(h/t Dan Harris at ABC News)
Even Forbes Magazine, which once advertised itself as a "capitalist tool," recognizes that CEO compensation has gotten beyond the free market. Now, aren't the excesses of these people much worse for the "moral values" of America than some poor people living in a ghetto?
Paying For Failure
What does it cost to attract first-class talent to a chief executive job? A lot. What does it cost to hire a clunker? Almost as much.
Neil Weinberg, Michael Maiello and David K. Randall
05.19.08, 12:00 AM ET
FORBES MAGAZINE
You need look no further than Gary Forsee to see why the absurdities of executive compensation rankle shareholders so much. In 2003 Forsee negotiated a pay package to join Sprint as its chief executive officer that promised to leave him rich--whether he succeeded or failed at turning around the troubled long-distance phone company.

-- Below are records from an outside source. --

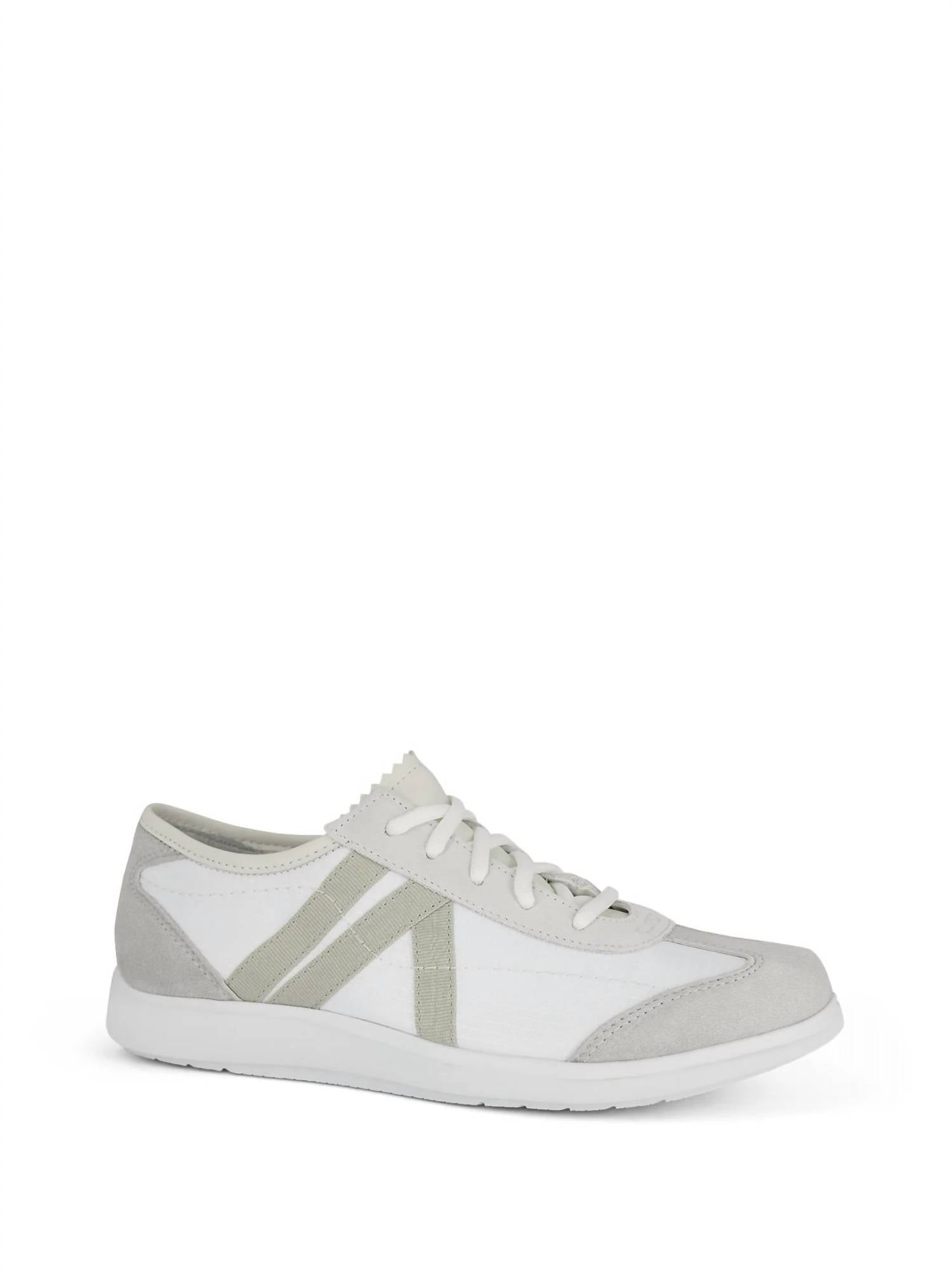 Munro - Women's Clemens Shoes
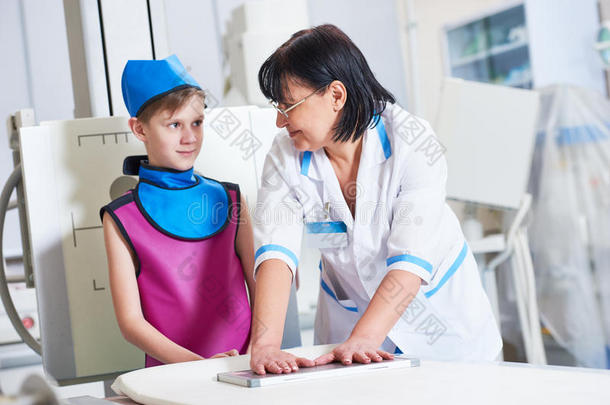护士助手和小的男孩准备的或字母x-射线X光线照相术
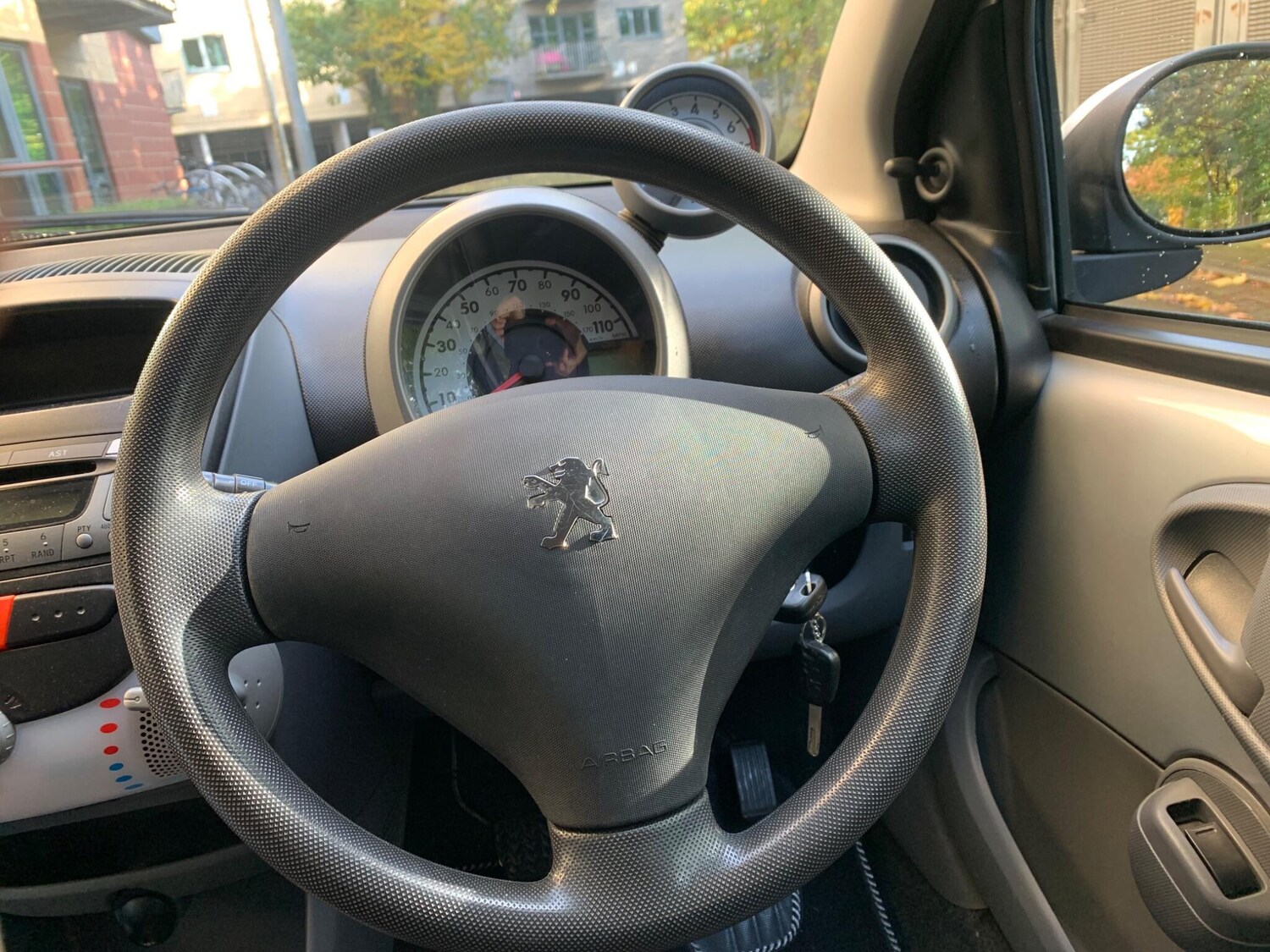 Peugeot 107 (11) - 1.0 12V Urban Euro 5 3dr - Image 19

Sprint first paid him $6.5 million in cash and stock just to leave BellSouth, where he was the number two executive. Sprint also bought Forsee's house in Atlanta before he moved to Kansas City. Once on the job Forsee was paid between $1.5 million and $5 million a year. His only real claim to fame while running Sprint was engineering the disastrous Nextel merger and watching its stock price tumble from $25 two years ago to $7.40.
At the end of 2007 he was fired "without cause." But he had negotiated well. Sprint gave him $40 million, including a $1.5 million salary through 2009, $5 million in bonuses, stock options and restricted shares worth $23 million and an $84,000-a-month pension for life.
Oh, Sprint also paid for "outplacement services" that landed him the presidency of the University of Missouri (where his annual salary and bonus amount to $500,000).
"It's like a fourth-grade soccer league where everyone gets a trophy. You can't call it pay-for-performance," says Nell Minow of the Corporate Library, a governance handicapper.